The Reading Room

The Analects: A Target of Tyrants for Two Thousand Years

Banned Books Week runs from October 1-7. Because the OLL supports wide access to knowledge, informed readers, and challenging questions, we'll be dedicating the entire month of October to blog posts about books that have been banned, challenged, and restricted. We hope you enjoy them, and we encourage you to join us and read a few banned books yourself!
The Analects (“selected sayings” Chinese lunyu 論語) is a collection of sayings of Confucius (Chinese:  Kong Fu Tzi , , 551-479 BCE), assembled by his students during the third and fourth centuries BCE. For centuries, The Analects were learned by heart by all educated Chinese men, who used the collected aphorisms and maxims as a guide to ethical personal and political conduct.
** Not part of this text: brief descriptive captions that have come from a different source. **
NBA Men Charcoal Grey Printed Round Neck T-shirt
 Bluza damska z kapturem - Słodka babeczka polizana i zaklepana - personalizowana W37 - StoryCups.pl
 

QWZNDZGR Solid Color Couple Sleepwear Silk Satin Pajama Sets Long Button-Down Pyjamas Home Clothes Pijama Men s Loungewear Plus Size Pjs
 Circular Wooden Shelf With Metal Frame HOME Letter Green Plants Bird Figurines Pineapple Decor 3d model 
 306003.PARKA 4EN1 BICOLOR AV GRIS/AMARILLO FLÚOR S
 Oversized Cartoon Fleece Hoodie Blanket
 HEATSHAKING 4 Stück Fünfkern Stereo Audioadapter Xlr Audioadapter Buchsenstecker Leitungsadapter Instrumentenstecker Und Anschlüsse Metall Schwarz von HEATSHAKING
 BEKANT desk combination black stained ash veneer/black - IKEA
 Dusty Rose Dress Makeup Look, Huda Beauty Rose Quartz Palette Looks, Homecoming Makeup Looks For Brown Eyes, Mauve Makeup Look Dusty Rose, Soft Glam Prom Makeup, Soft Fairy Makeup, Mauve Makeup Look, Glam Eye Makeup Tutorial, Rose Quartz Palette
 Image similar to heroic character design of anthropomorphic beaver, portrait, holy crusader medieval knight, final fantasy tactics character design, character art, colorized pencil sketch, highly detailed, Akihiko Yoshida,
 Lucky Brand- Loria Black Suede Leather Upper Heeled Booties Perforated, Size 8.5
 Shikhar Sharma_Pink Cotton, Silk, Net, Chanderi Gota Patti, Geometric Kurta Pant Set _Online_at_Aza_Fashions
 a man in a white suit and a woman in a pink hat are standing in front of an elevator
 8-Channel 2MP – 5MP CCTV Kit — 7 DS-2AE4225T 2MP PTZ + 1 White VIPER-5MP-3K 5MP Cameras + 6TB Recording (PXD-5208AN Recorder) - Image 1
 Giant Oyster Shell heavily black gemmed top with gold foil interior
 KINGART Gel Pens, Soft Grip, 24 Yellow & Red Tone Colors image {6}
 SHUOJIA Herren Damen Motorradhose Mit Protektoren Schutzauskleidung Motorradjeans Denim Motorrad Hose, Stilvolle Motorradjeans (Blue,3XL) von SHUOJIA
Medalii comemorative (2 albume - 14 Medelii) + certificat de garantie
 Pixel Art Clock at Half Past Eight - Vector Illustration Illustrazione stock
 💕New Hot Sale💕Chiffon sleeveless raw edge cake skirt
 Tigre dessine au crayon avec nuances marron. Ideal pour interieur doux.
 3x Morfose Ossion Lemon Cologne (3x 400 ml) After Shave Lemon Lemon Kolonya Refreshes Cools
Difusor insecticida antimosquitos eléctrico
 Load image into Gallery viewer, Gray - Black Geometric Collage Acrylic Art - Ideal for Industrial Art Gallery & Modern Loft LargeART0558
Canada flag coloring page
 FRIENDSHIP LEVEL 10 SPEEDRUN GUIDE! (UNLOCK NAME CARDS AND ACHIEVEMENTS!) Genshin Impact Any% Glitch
During the centuries after Confucius’ death, his students collected his works (as well as those of one of his most important disciples, Mencius), into two main collections (which included the Analects) known as The Five Classics and The Four Books. After the 12th century, these collections formed the core of the Chinese educational system, and their mastery was the basis of the examination system by which government officials were chosen.  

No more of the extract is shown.